Use the USING clause instead of an ON clause during an equijoin to specify the join. To join tables by multiple columns, put the multiple columns in the parentheses, separated by a column

equijoin/equi-join - When you use the equal operator to join two tables on a common column. Common for the columns that are being compared to have the same name.

Example 1:

SELECT invoice_number, vendor_name
FROM vendors
    JOIN invoices USING (vendor_id) (1)
ORDER BY invoice_number;

(1) USING (vendor_id) replaced 'ON vendors.vendor_id = invoices.vendor_id'

Example 2:

SELECT department_name, last_name, project_number
FROM departments
    JOIN employees USING (department_number)    (1)
    LEFT JOIN projects USING (employee_id)      (2)
ORDER BY department_name;

(1) INNER JOIN between departments and employees on the department_number column (2) LEFT JOIN between employees and projects using the employee_id column

NATURAL keyword

You don't specific the column that's used to join the two tables. The db joins the two tables based on all columns in the two tables that have the same name.

Example:

SELECT department_name AS dept_name, last_name, project_number
FROM departments
    NATURAL JOIN employees                      (1)
    LEFT JOIN projects USING (employee_id)      (2)
ORDER BY department_name;

(1) JOINs departments and employees on columns where they intersect (2) Creates a LEFT JOIN between employees and projects on employee_id column

CROSS JOINs

Produces a result set that includes each row from the first table joined with each row from the second table.
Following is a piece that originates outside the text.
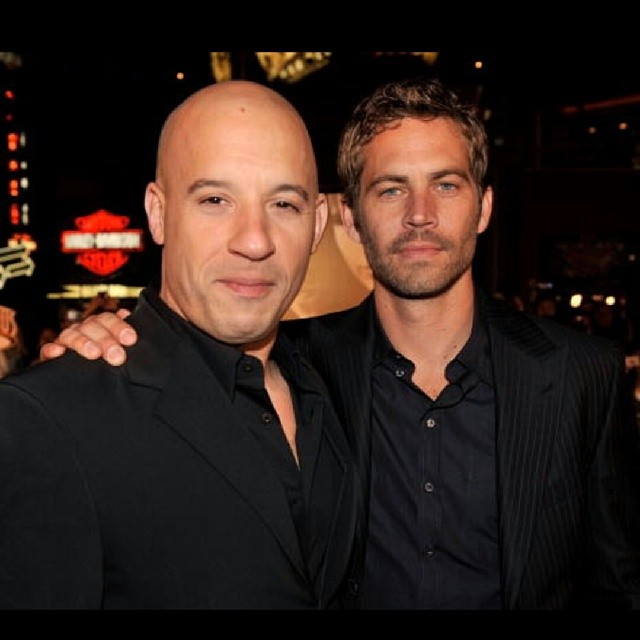 Vin Diesel publicou uma foto com Paul Walker no Instagram. “Irmão, eu sentirei muito a sua falta” , escreveu ele.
Result set is called a Cartesian product

Example:

SELECT departments.department_number, department_name, employee_id, last_name
FROM departments CROSS JOIN employees   (1)
ORDER BY departments.department_number;

(1) JOIN the 4 columns together in a result set from left to right, not based on where they intersect

UNIONs

Used to connect two or more SELECT statements. The result set of each SELECT statement must have the same number of columns, and the data types of the corresponding columns in each table must be compatible.

Combines data from two or more result sets, instead of base tables. To sort the result of a UNION, add an ORDER BY cluase after the last SELECT statement. By default, UNIONs eliminates duplicate rows. To include dupes, add ALL keyword. Column names in the final result set are taken from the first SELECT clause.

Example:

    SELECT invoice_number, vendor_name, '33% Payment' AS payment_type,
    invoice_total AS total, invoice_total * 0.333 AS payment
    FROM invoices JOIN vendors
        ON invoices.vendor_id = vendors.vendor_id
    WHERE invoice_total > 10000
UNION
    SELECT invoice_number, vendor_name, '50% Payment' AS payment_type,
        invoice_total AS total, invoice_total * 0.5 AS payment
    FROM invoices JOIN vendors
        ON invoices.vendor_id = vendors.vendor_id
    WHERE invoice_total BETWEEN 500 AND 10000
UNION
    SELECT invoice_number, vendor_name, 'Full amount' AS payment_type,
        invoice_total AS total, invoice_total AS payment
    FROM invoices JOIN vendors
        ON invoices.vendor_id = vendors.vendor_id
    WHERE invoice_total < 500
ORDER BY payment_type, vendor_name, invoice_number;

Example:
Combining result sets from the same table.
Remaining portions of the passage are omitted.